Start with a human heuristic and then build a simple model: initial baseline = first step toward a solution -> Great way to inform what to build next

What to focus on in an ML project

Find the impact bottleneck: piece of the pipeline that could provide the most value if improved

Imagine that the impact bottleneck is solved: it was worth the effort you estimate it would take?

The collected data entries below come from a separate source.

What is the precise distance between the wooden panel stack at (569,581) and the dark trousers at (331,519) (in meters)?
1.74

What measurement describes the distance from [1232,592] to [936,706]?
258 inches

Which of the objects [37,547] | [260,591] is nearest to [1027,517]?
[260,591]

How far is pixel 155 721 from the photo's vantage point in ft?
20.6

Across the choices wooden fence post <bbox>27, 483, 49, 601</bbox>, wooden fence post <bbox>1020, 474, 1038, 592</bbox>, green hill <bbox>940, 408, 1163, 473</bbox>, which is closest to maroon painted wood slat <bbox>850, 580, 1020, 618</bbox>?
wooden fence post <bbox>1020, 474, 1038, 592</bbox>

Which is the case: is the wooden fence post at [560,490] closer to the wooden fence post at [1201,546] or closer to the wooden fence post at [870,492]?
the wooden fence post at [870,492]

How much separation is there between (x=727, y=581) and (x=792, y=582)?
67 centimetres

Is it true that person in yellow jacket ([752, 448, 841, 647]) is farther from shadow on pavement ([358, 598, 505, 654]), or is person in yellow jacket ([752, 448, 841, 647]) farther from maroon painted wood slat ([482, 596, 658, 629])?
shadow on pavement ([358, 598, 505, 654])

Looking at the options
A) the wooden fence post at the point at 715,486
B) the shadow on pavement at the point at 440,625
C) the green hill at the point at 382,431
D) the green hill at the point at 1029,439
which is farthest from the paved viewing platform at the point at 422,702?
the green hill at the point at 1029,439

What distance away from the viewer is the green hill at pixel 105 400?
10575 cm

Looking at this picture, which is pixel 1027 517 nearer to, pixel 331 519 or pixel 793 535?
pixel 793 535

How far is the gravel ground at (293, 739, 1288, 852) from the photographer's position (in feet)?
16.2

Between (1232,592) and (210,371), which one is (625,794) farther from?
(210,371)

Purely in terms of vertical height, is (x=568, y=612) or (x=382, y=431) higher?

Which modeling techniques to use

Spend the manual effort to look at inputs and outputs of your model: see if anything looks weird. Looking at your data helps you think of good heuristics, models and ways to reframe the product

Ch2. Create a Plan

Measuring Success

First model: simplest model that could address a product’s needs -> generating and analyzing results is the fastest way to make progress in ML

  • Baseline: heuristics based on domain knowledge
  • Simple model
  • Complex model

You don’t always need ML: even features that could benefit from ML can often simply use a heuristic for their first version (you may realize that you don’t need ML at all)

Business Performance

Product metrics: goals of your product or feature. Ultimately the only ones that matter, all other metrics should be used as tools to improve product metrics

Updating an app to make a modeling task easier

  • Change an interface so that a model’s results can be omitted if they are below a confidence threshold
  • Present a few other predictions or heuristics in addition to model’s top prediction
  • Communicate to users that model is still in an experimental phase and giving them opportunities to provide feedback

“A product should be designed with reasonable assumptions of model performance in mind. If a product relies on a model being perfect to be useful, it is very likely to produce innacurate or even dangerous results”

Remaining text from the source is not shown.